The Exchange ETP Insights | ETFs

Interview Highlights


Can you tell us about your firm’s history with gold? When/how did it begin?
VanEck launched its first gold fund in 1968. It really came out of a concern for rising monetary supply and the threat of inflation for the 1970’s.

It worked out tremendously well – as gold went from $35 to $800 in the 1970’s.


How many assets do you currently have in gold?
We manage about $10.5 billion dollars in gold share assets which are invested in gold mining companies.

And we also market a gold bullion fund which is about $120 million dollars.


If an investor wants to invest in gold or other hard commodities, what vehicles are available?
We have several ETFs: GDX and GDXJ and OUNZ, and they’re all listed on the New York Stock Exchange.

GDX is based on a traditional gold miner’s index. GDXJ is based on a small cap gold miner’s index and OUNZ is gold bullion that’s actually deliverable when you want to redeem it. Those are the 3 most liquid vehicles available.

We also have an actively managed mutual fund, VanEck International Investor’s Gold.


How has China’s economic slowdown affected commodities?
We’re very, very bullish on commodities now. The main reason is we think there’s been a huge shakeout in the supply of commodities. It’s still happening in some of the metals areas but we think it’s already happened in oil and gold.

As long as economic growth is stable; it doesn’t really need to accelerate. We think commodities should be doing very well from here on out.


I understand that today’s bell ringing is not just a 10 year celebration of VanEck’s ETF business, as your firm just went through a re-brand. Could you tell us a little bit about the recent changes?
We’re very proud of our 60 year old history as a firm. VanEck has been first in several asset classes – not just gold – but also early and emerging markets, and China, with some of our ETF offerings.

Our history is really one of innovation, and we’re proud to be partners with the New York Stock Exchange to celebrate that.

We’ve tried to communicate it a little bit better by shortening our name just to VanEck, and also by rebranding our ETFs using the VanEck name. Now they’re called VanEck Vector ETFs.


In your opinion, what’s next for ETFs? Where do you see the ETF business in 10 years?
A lot of exposure-type ETFs have been launched, accessing bonds and stock markets. I think what investors are looking for is different kinds of risk exposures. And it’s very, very early days for that.
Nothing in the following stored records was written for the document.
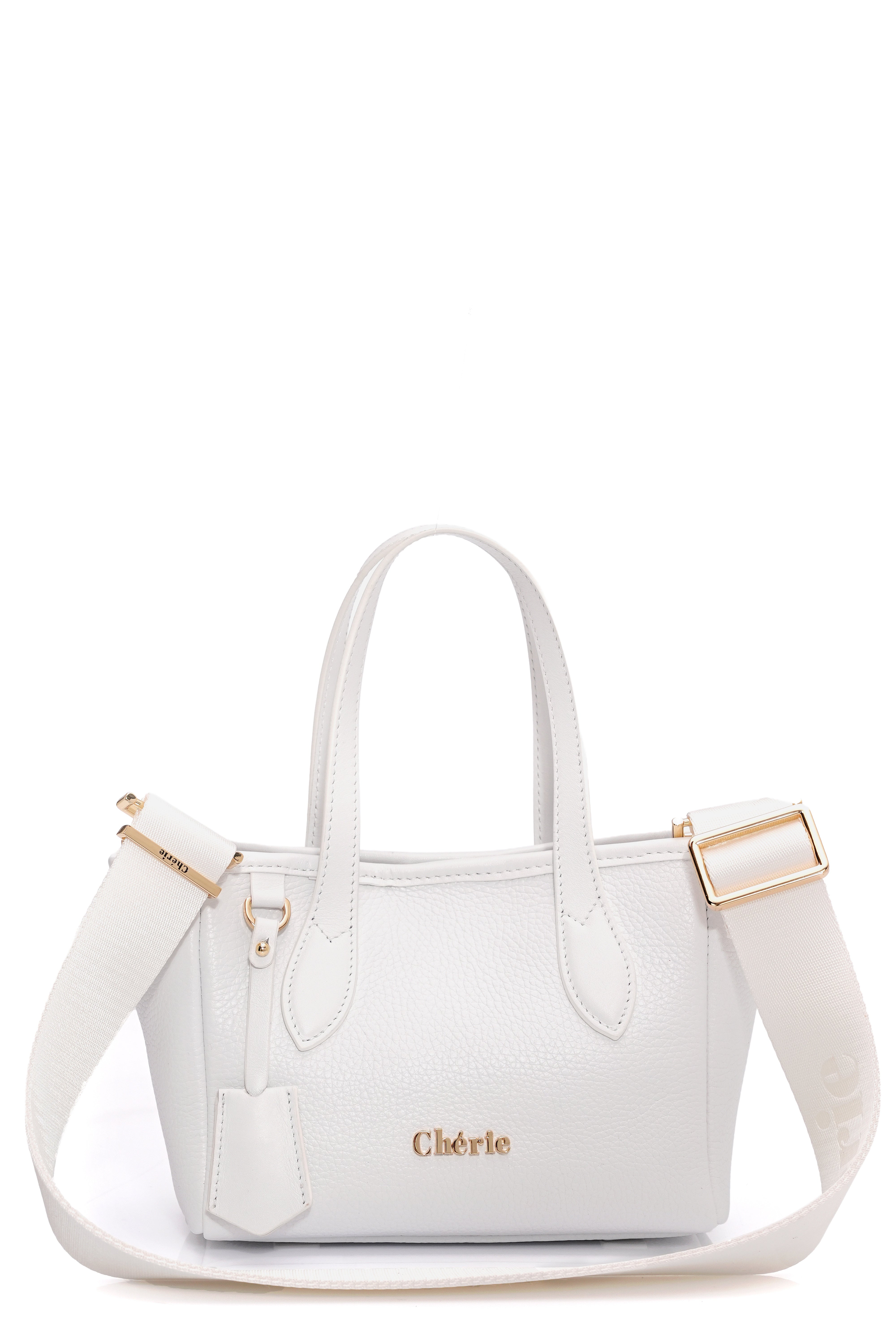 Rachel Baby - leather white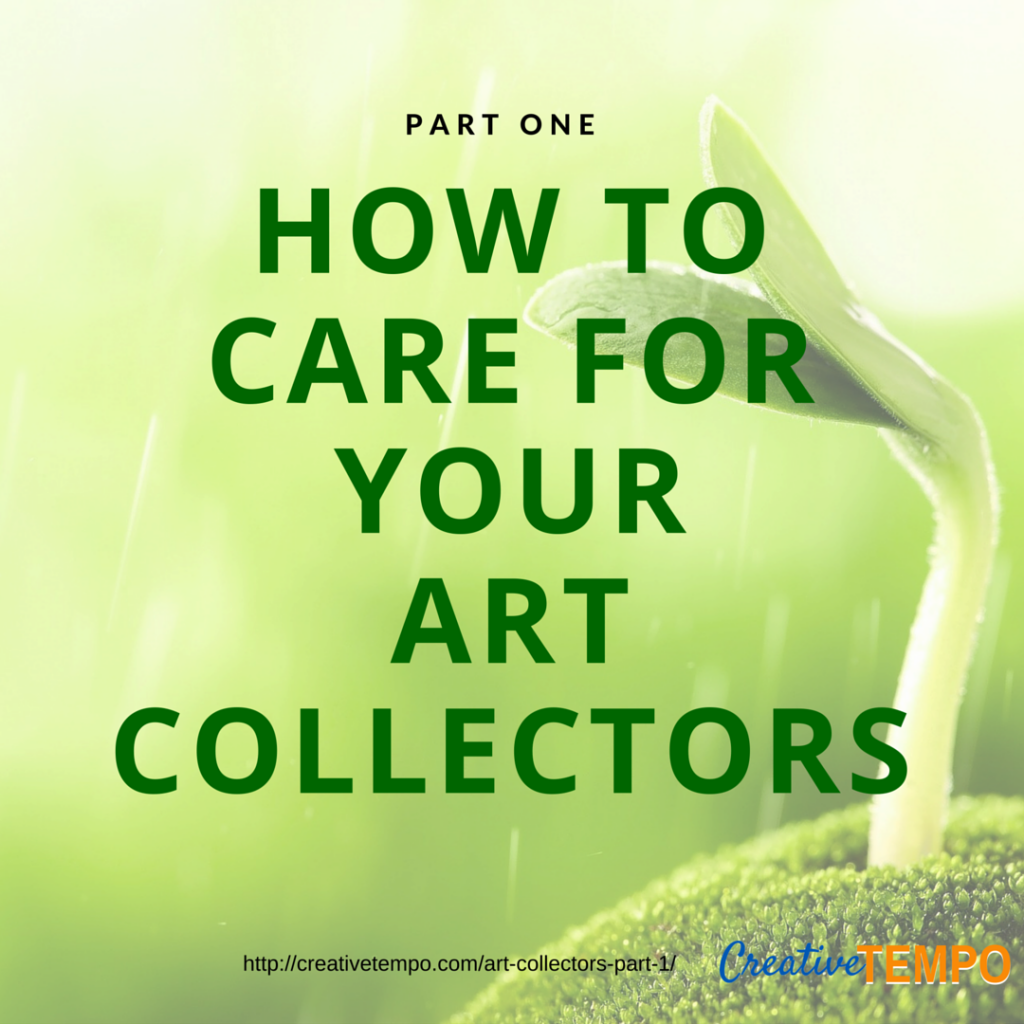How To Care For Your Art Collectors graphic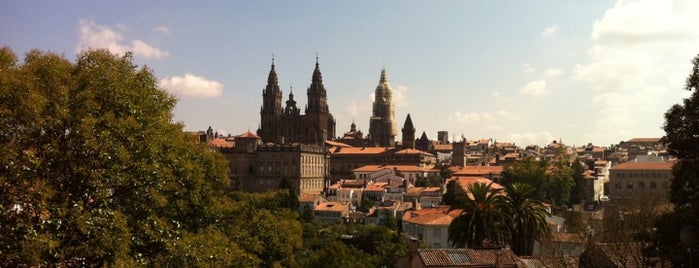 Santiago de Compostela is one of Cities I've visited!.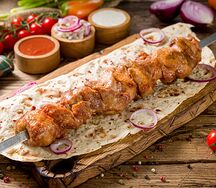 Шашлык из cвинoй мякоти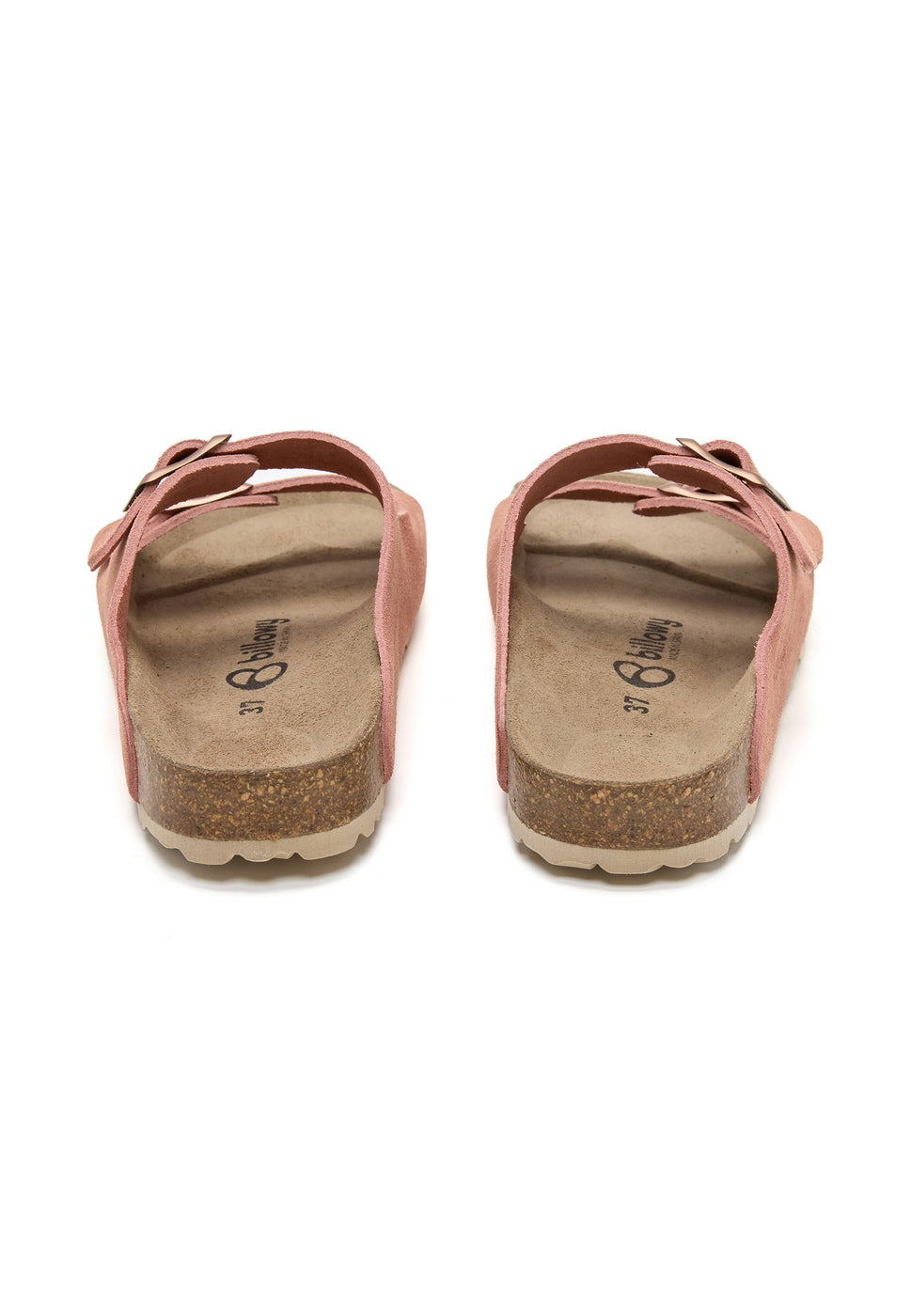 Sandalias Salmón - Mujer
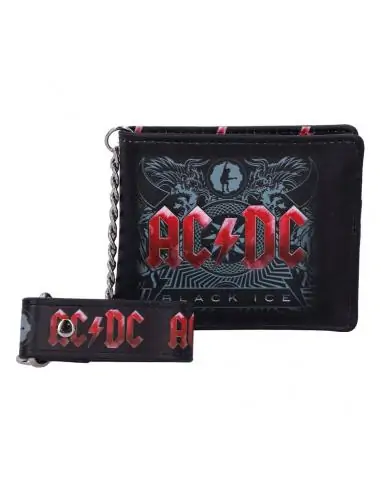 ACDC Monedero Black Ice - Imagen 1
With the currency hedge products, they want to tweak their exposure to different markets in an intelligent way. You can call it smart beta, but that’s the revolution that we’re in now.


Lastly, why did you choose the New York Stock Exchange as your listing venue for this fund?
It was easy. In the early days we had no idea what we were doing. The New York Stock Exchange was really helpful in educating us on the ETF business. As a partner, they really helped us prepare for our listing and all of the things that were needed to have a successful ETF launch.